◆ GOAL OF THE EXERCISE
Would it be possible to output exactly, and only, the lines below from the one holding "Delton M AWG Jacket W-PRO 15000 Black" to the last line, both included, with every picture left out?

◆ DATASET EXTRACT
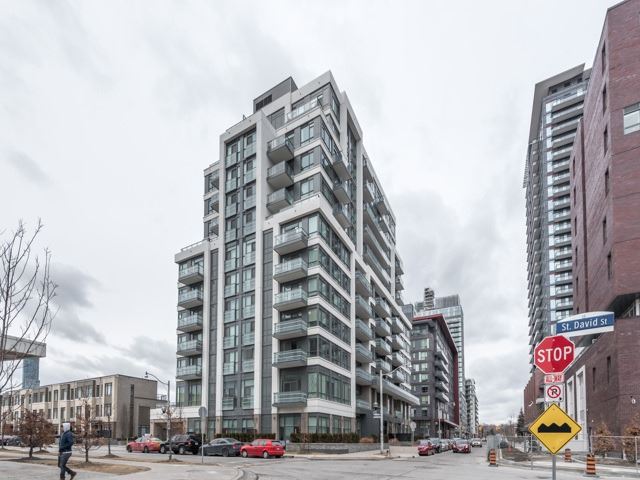
200 Sackville St Downtown Toronto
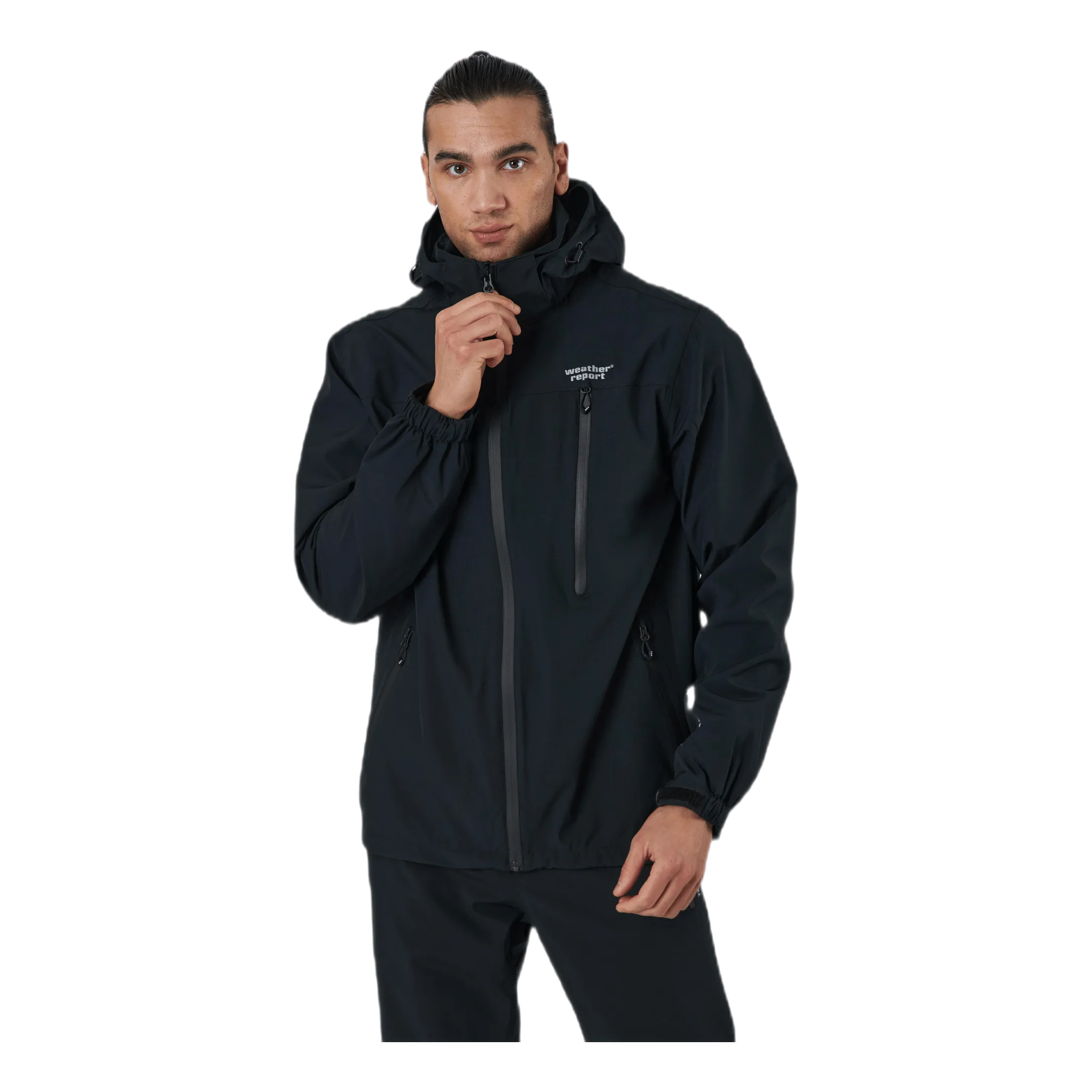 Delton M AWG Jacket W-PRO 15000 Black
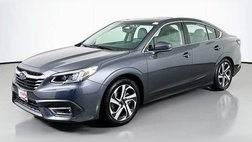 2020 Subaru Legacy Limited XT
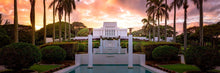 Load image into Gallery viewer, Laie Fountain Sunset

◆ RESPONSE
 Delton M AWG Jacket W-PRO 15000 Black
 2020 Subaru Legacy Limited XT
 Load image into Gallery viewer, Laie Fountain Sunset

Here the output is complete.